Power site: Aerial view of Twin Falls site nearing completion of the work
     

Whether we liked it or not we all got caught up in a race to maintain and beat the schedules devised by the consulting engineers. Convoys inched along the road from Esker with mammoth loads for installation by the mechanical crews, sluice gates for the control dams, turbine casings for the power house, steelwork and transformers for the switching yard, and lengths of large diameter penstock pipes.

At the close of each construction season most of the workers departed, leaving a reduced crew to maintain the equipment during the winter. Yet there was always some last minute job be done. It was hard to persuade men to stay when they had a mind to leave. During the lead-up to Christmas 1961, the contractor's project manager had an important job to be done and pleaded with the remaining Newfoundlanders to stay another three days. He offered double time, a bonus and a special flight to take them home. They refused.

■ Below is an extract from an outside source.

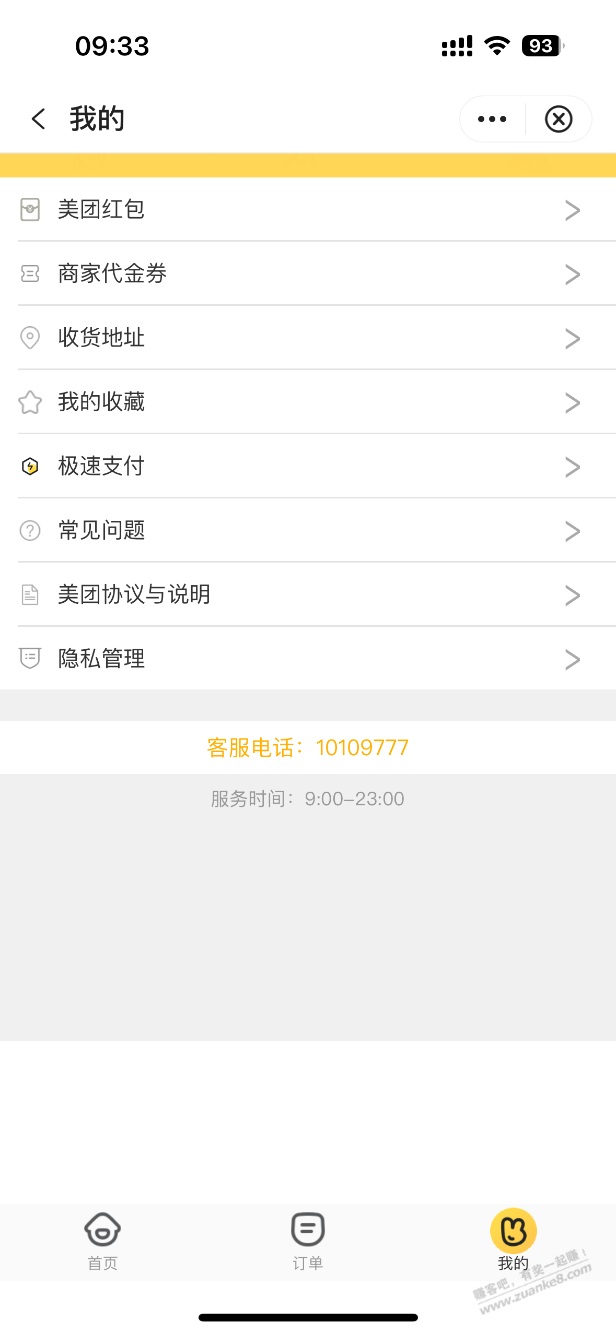 有没有人懂中行里面的美团怎么切号的？ - 线报迷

"No, b'y," their spokesman told him. "We has to be on our way. The season's bin over a long time since."

"But double time and a bonus! You can't refuse an offer like that."

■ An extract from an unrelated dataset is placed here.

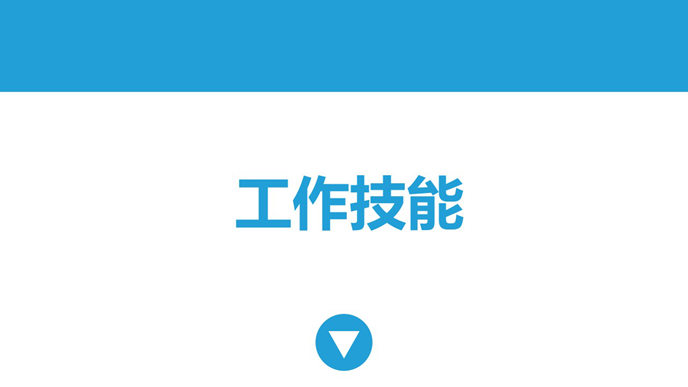 简约动态个人简历PPT模板_第10页PPT效果图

The leader shook his head. "We've got to be home to chop the wood, b'y."

They left the next day.

Such setbacks aside, the contractors and commissioning engineers completed the project by the end of 1963. When finished, the station had a total capacity of 240,000 horsepower, two 115 mile long transmission lines at 230,000 volts (or 230 Kv), with remote switching at the far end from the station. It was a masterpiece of hydro engineering constructed at a cost of $47.5 million at 3 parts (or 3 mills) of a cent per kw hr. Electrical power doesn't come any cheaper.

     
Dr Fieldler and wife:
Dr Fielder of the Boston Pops Orchestra and Mrs Fieldler attend the grand opening.
  Premier Smallwood: Premier Joseph Smallwood of Newfoundland and Labrador getting instruction in putting a turbine generator on line.
     
Joey Smallwood, the Premier of Newfoundland, officially opened the Twin Falls Station on 21 July 1963. In his speech, he said, "It gives me real pleasure that Newfoundlanders can show those mainlanders how to build a hydro-generating station" and after a debate about cutting a ribbon, which Joey declined, we had him synchronize and connect a generator to the transmission line. After all, what a liveyere of Labrador can do a premier of a province can surely repeat.
     
The next job:
The author in conversation with the chairman of Brinco and a colleague of TFPCo.
  Twin Falls final:
The Twin Falls hydro-generating station in the first winter of operation, 1962.
     

As soon as the opening was accomplished, the contractor lost no time in removing his men and heavy equipment off the job, back to Esker, the rail head and on to the next project. Five years later, the BRINCO poured a billion dollars into building the six million horsepower Churchill Falls project to supply power to Quebec Hydro and New York State. Twin Falls Power supplied the electrical power for construction at Churchill Falls.